Today, dynamic multi-dimensional networks are required. The picture of a strong inflexible hard wired supply ‘chain’ is replaced by an image of a finer more elastic supply ‘web’ that is equally strong, but with many endpoints and a built in real-time communication system.
The challenge to brand owners and their supply chain participants is to make the flow of commerce faster and more responsive to the pull of customer demand. Planning and forecasting capability is a feature that is often overlooked, but is a key factor to enable demand driven pull planning with scheduling and rescheduling production and distribution on the fly. It means less reliance on error-prone ‘seat of the pants’ human forecasting and more responsiveness to movements in actual demand.

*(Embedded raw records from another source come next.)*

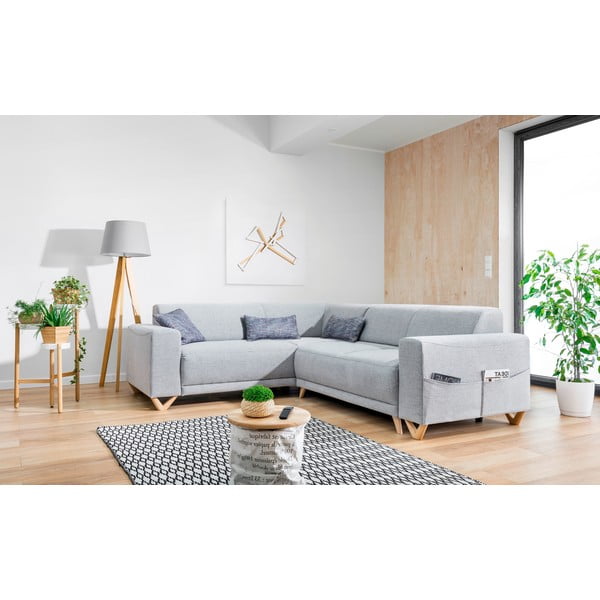 Colțar gri deschis extensibil/cu spațiu de depozitare (cu colț pe partea stângă/în formă de ”L”) Classy Sophie – Miuform-image-3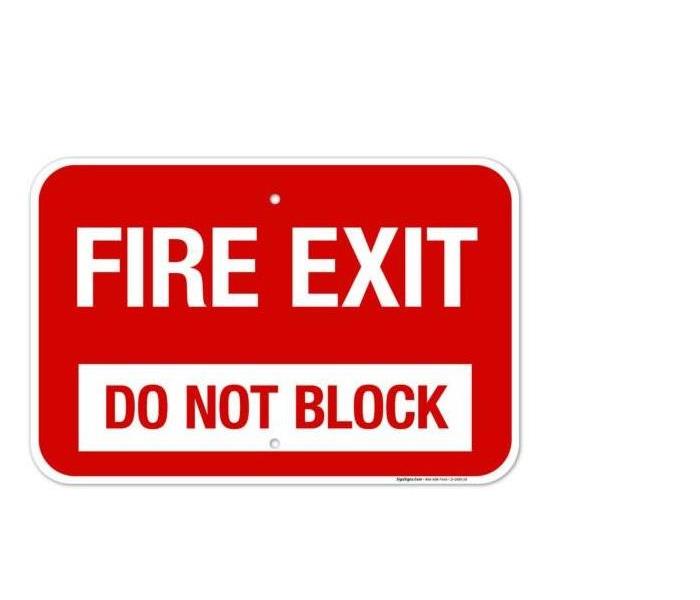 Fire exit, do not block sign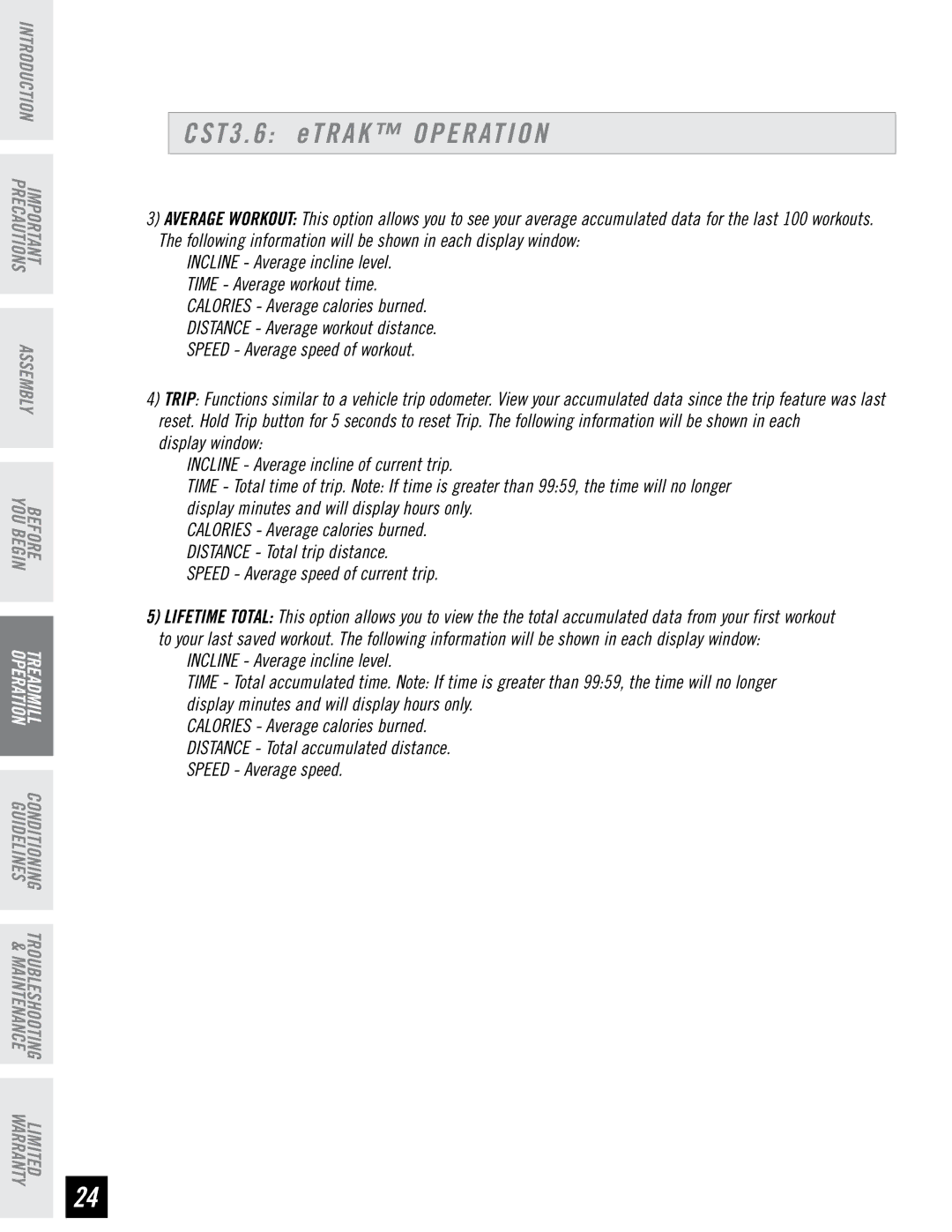 Horizon Fitness CST3.6, CST4.6 quick start CST3 etrak operation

The ability to respond to changing demand is crucial. For instance, fashion trends can change overnight and when that happens, it could dramatically reduce the demand for and value of that item resulting in obsolete inventory. Likewise, if a new fashion trend kicks off and there is not enough inventory available to satisfy demand the result is loss of sales. The implication is that supply needs to be flexible enough to ramp up or down to meet fluctuating demand, including allowing shipments to be diverted or expedited at short notice.
The logistics industry continues to mature and respond to these changes. Increasing sophistication in 3PL, 4PL and e-freight marketplaces play an important role in helping to organise and streamline interaction between point-of-sale and freight providers. Cloud-based integrated logistics and warehouse management systems are becoming easier to use, implement and integrate.
Real-time visibility is critical
To compete, smaller players must be able to match the system capability of larger organisations by deploying modern systems that offer real-time visibility of stock and order status, robust and secure ordering and payment options, all partnered with reliable and cost competitive delivery options.
Speed is of the essence. The same truck or courier may well deliver competitors’ products, so competitive advantage comes down to who can get the right product on the first delivery. Effectively, both data accuracy and availability has become a fundamental success factor and differentiator between competitors.
Real-time visibility of your own data, as well as the data of suppliers and supply chain partners can be either hugely beneficial, or a major disadvantage without it.
Cloud computing changing the game
The ability for companies to effectively run a very efficient supply chain to manage all of these ecosystems really relies on their ability to interconnect immediately and have complete visibility of the entire business in real-time, which you can only do with technology via the internet. That means operating your entire supply chain from one system on the internet – giving you deep, and up to the minute visibility of every interaction, transaction and relationship occurring in your business in every market, anywhere in the world.
From small regional or niche retailers to multi-million dollar global giants, cloud technology is revolutionising how the industry engages with trading partners, monitors performance and identifies opportunities for improvement. It plays a crucial role in helping Australian retailers achieve supply chain success.
As supply chains continue to be challenged by changing disruptive forces, there is little doubt that by investing in the latest cloud-based technologies, retailers will be in a far better position to compete and survive.